An independent special committee of the board of directors of the delegate of EEP's general partner (the "Special Committee") and EECI, a wholly owned subsidiary of Enbridge Inc. ("Enbridge"), have also reached a tentative agreement on the terms of an arrangement through which each party would fund the acquisition of and participate in the returns generated by an effective 27.6 percent interest in the Bakken Pipeline System ("Bakken Pipeline" or the "System"), a transaction previously announced on August 2, 2016. It is anticipated that the investment in the Bakken Pipeline will be jointly funded 75 percent by Enbridge, through EECI, and 25 percent by EEP. EEP expects to fund its 25 percent interest through a combination of debt and equity. EEP would fund the equity portion of its investment through the issuance of a new class of limited partner units, Class F units, to EECI, and the debt portion through borrowing under its credit facility. The expected funding arrangements with EECI would result in the acquisition having a minimal impact on EEP's liquidity and no capital market transactions by EEP for funding. As part of the proposed joint funding arrangement, EEP is expected to have an option until December 31, 2019 to acquire an additional 15 percent interest from EECI in the investment at a total price equal to the pro rata portion of the capital contributed by EECI for its investment prior to the exercise date. The joint funding arrangement is subject to satisfaction of the closing conditions of the Bakken Pipeline acquisition by the System's owners, the Special Committee's recommendation, and approval of the Board of Directors.
The System consists of the Dakota Access Pipeline ("DAPL") and the Energy Transfer Crude Oil Pipeline ("ETCO") projects. EEP's interest in the System will be acquired through an indirect investment in a joint venture ("MarEn") with Marathon Petroleum.
"This acquisition of an interest in the Bakken Pipeline represents another important step in expanding our market access strategy", said Mark Maki, President for the Partnership. "The investment offers strong risk-adjusted returns and includes a significant level of take-or-pay contracts with high credit quality counterparties. The investment is expected to be immediately accretive to EEP's distributable cash flow when the System is ready for service, which is expected in late 2016. The System also has low-cost expansion potential, offering further financial upside. Joint funding this investment with our sponsor enhances the Partnership's financing flexibility and improves EEP's credit profile through enhanced cash flow in 2017. In addition, the acquisition bolsters the prospective asset drop-down potential from our sponsor longer term."

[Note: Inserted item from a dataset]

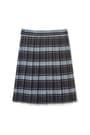 back view of  At The Knee Plaid Pleated Skirt opens large image - 2 of 2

The anticipated joint funding arrangement provides for funding to be accomplished through EEP's investment subsidiary, Enbridge Holdings (DakTex) L.L.C. ("Enbridge DakTex"), which is a 75 percent equity interest owner of MarEn. Enbridge DakTex expects to issue 75 percent of its equity interests to EECI for a purchase price of $1.125 billion, and EEP expects to contribute $375 million to Enbridge DakTex with respect to its resulting 25 percent equity interest in Enbridge DakTex. EEP expects to fund its $375 million contribution through the sale of additional Class F limited partnership interests to EECI and a draw on its credit facility. The Class F units would pay distributions in-kind through the period ending December 31, 2018 and then would be cash paying thereafter.
MarEn will own a 49 percent interest in an affiliate of Energy Transfer Partners, L.P. and Sunoco Logistics Partners L.P., which in turn owns 75 percent of the Bakken Pipeline. The closing of the Bakken Pipeline acquisition is anticipated to occur around the end of the third quarter of 2016.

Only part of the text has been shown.